══ Input data

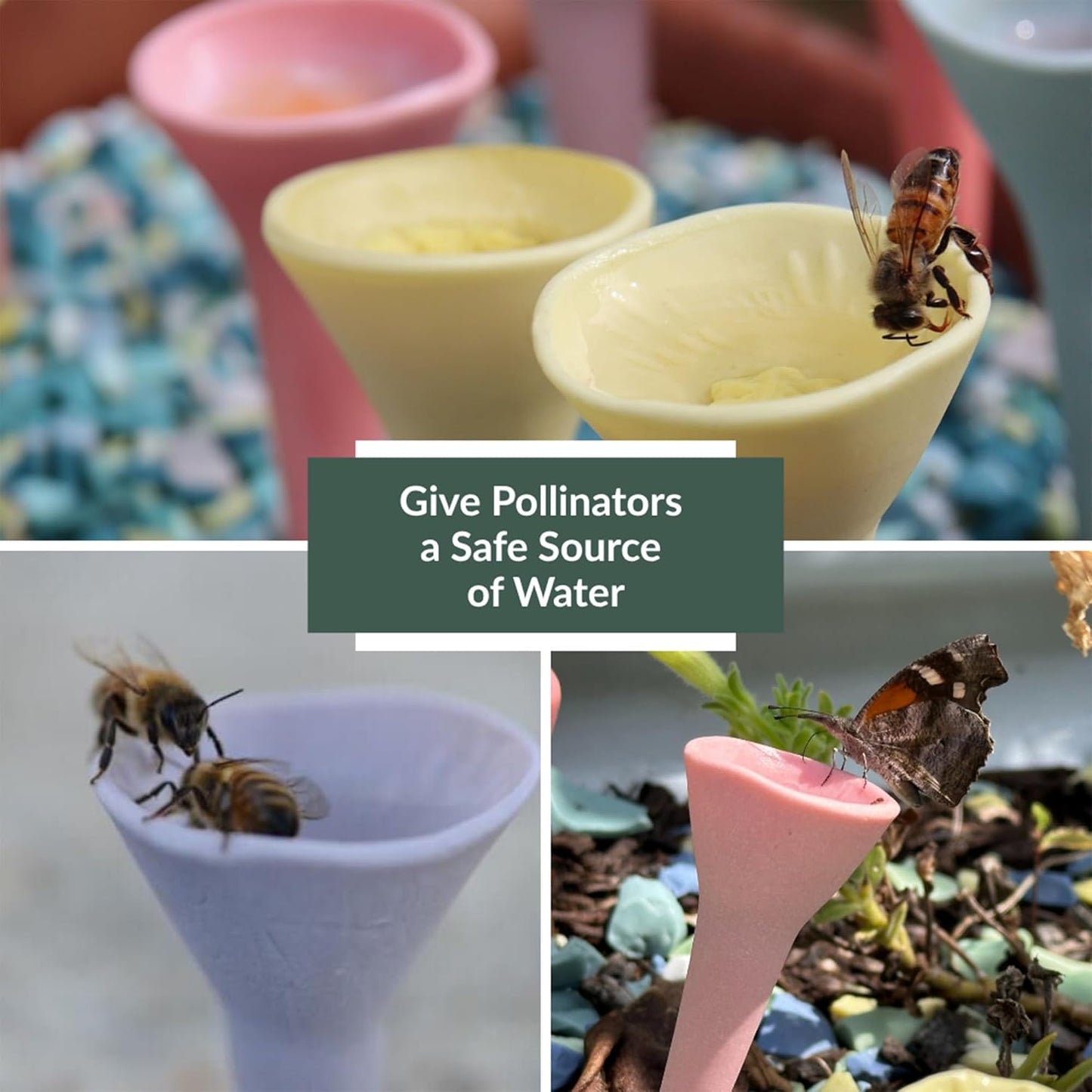 5 Pack, Bee Watering Station, 100% Handmade Porcelain, Bee and Butterfly Feeder for Garden, Outdoor Feeder for Thirsty Pollinators, 0 Plastic, Bee Attracting Glaze (5, Butterfly Special Red)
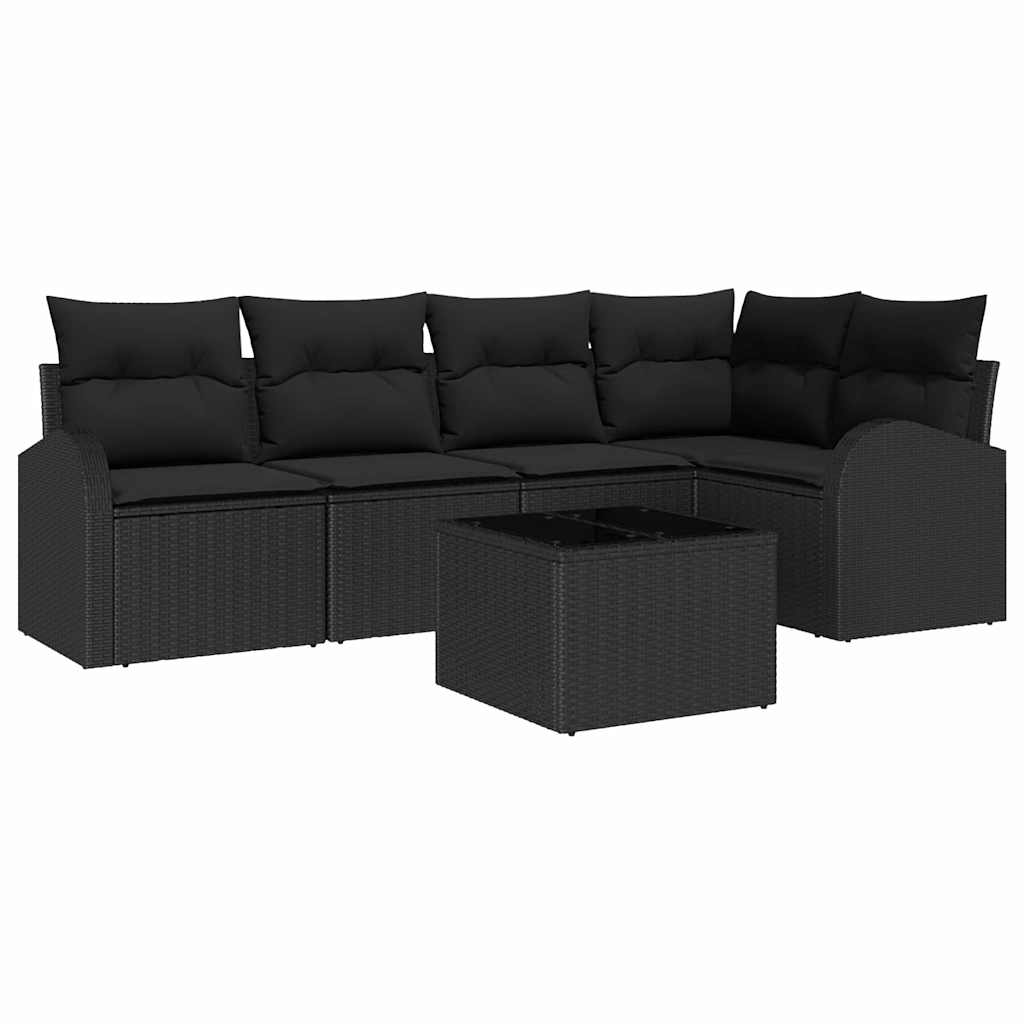 Set Divano da Giardino 6 pz Nero polyrattan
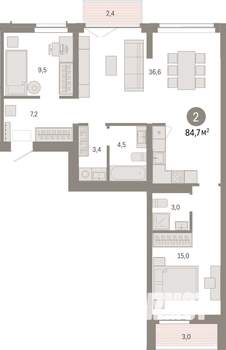 2-к квартира, вторичка, 85м2, 3/6 этаж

════

(Task): Since the pictures are not wanted, transcribe the rest of the listing above exactly.

(Exercise solution):
 5 Pack, Bee Watering Station, 100% Handmade Porcelain, Bee and Butterfly Feeder for Garden, Outdoor Feeder for Thirsty Pollinators, 0 Plastic, Bee Attracting Glaze (5, Butterfly Special Red)
 Set Divano da Giardino 6 pz Nero polyrattan
 2-к квартира, вторичка, 85м2, 3/6 этаж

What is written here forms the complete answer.